▶ [What this task involves]:
The entries below must be transcribed exactly. Leave nothing out.

(Available records Opens)

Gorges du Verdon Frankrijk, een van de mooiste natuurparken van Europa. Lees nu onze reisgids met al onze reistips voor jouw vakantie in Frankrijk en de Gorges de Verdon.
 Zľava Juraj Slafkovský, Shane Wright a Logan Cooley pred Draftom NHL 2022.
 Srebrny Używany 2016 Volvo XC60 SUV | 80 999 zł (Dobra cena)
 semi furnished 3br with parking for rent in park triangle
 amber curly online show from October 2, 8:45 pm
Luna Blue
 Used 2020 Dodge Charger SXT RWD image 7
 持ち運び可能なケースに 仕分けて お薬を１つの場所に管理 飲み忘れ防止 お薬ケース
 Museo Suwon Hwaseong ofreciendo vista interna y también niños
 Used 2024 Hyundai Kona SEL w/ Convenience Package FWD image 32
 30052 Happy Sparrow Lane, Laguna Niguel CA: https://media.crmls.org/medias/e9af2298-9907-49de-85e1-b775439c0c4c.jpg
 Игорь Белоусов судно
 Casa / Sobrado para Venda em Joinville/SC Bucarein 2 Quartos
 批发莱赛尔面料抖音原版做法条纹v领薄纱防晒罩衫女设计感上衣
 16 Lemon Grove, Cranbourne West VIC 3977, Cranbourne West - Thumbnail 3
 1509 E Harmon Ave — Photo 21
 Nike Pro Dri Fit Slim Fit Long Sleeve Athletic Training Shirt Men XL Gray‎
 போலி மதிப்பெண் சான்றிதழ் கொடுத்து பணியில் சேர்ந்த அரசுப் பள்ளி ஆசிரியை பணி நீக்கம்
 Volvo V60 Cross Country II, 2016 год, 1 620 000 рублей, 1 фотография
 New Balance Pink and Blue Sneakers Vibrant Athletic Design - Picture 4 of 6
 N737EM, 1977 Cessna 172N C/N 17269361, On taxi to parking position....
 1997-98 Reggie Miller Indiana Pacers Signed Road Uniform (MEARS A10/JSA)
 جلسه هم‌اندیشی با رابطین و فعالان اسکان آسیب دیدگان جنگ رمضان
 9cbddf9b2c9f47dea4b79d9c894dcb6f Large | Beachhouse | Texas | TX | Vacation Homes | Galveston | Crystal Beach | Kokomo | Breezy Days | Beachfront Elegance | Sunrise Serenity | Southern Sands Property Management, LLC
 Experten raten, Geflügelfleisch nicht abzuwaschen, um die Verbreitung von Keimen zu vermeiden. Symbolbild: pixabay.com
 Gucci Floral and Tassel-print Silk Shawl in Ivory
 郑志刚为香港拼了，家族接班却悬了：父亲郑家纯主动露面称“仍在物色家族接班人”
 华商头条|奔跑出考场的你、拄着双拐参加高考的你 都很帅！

(Available records Closes)

▶ [Solution to the problem]:
Gorges du Verdon Frankrijk, een van de mooiste natuurparken van Europa. Lees nu onze reisgids met al onze reistips voor jouw vakantie in Frankrijk en de Gorges de Verdon.
 Zľava Juraj Slafkovský, Shane Wright a Logan Cooley pred Draftom NHL 2022.
 Srebrny Używany 2016 Volvo XC60 SUV | 80 999 zł (Dobra cena)
 semi furnished 3br with parking for rent in park triangle
 amber curly online show from October 2, 8:45 pm
Luna Blue
 Used 2020 Dodge Charger SXT RWD image 7
 持ち運び可能なケースに 仕分けて お薬を１つの場所に管理 飲み忘れ防止 お薬ケース
 Museo Suwon Hwaseong ofreciendo vista interna y también niños
 Used 2024 Hyundai Kona SEL w/ Convenience Package FWD image 32
 30052 Happy Sparrow Lane, Laguna Niguel CA: https://media.crmls.org/medias/e9af2298-9907-49de-85e1-b775439c0c4c.jpg
 Игорь Белоусов судно
 Casa / Sobrado para Venda em Joinville/SC Bucarein 2 Quartos
 批发莱赛尔面料抖音原版做法条纹v领薄纱防晒罩衫女设计感上衣
 16 Lemon Grove, Cranbourne West VIC 3977, Cranbourne West - Thumbnail 3
 1509 E Harmon Ave — Photo 21
 Nike Pro Dri Fit Slim Fit Long Sleeve Athletic Training Shirt Men XL Gray‎
 போலி மதிப்பெண் சான்றிதழ் கொடுத்து பணியில் சேர்ந்த அரசுப் பள்ளி ஆசிரியை பணி நீக்கம்
 Volvo V60 Cross Country II, 2016 год, 1 620 000 рублей, 1 фотография
 New Balance Pink and Blue Sneakers Vibrant Athletic Design - Picture 4 of 6
 N737EM, 1977 Cessna 172N C/N 17269361, On taxi to parking position....
 1997-98 Reggie Miller Indiana Pacers Signed Road Uniform (MEARS A10/JSA)
 جلسه هم‌اندیشی با رابطین و فعالان اسکان آسیب دیدگان جنگ رمضان
 9cbddf9b2c9f47dea4b79d9c894dcb6f Large | Beachhouse | Texas | TX | Vacation Homes | Galveston | Crystal Beach | Kokomo | Breezy Days | Beachfront Elegance | Sunrise Serenity | Southern Sands Property Management, LLC
 Experten raten, Geflügelfleisch nicht abzuwaschen, um die Verbreitung von Keimen zu vermeiden. Symbolbild: pixabay.com
 Gucci Floral and Tassel-print Silk Shawl in Ivory
 郑志刚为香港拼了，家族接班却悬了：父亲郑家纯主动露面称“仍在物色家族接班人”
 华商头条|奔跑出考场的你、拄着双拐参加高考的你 都很帅！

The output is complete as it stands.